In the listing that follows, copy out each line that includes the word "with".

* **Provided material**:
━━━━━━
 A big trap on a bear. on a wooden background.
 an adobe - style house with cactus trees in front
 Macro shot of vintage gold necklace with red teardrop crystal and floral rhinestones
━━━━━━
* **Your response**:
 an adobe - style house with cactus trees in front
 Macro shot of vintage gold necklace with red teardrop crystal and floral rhinestones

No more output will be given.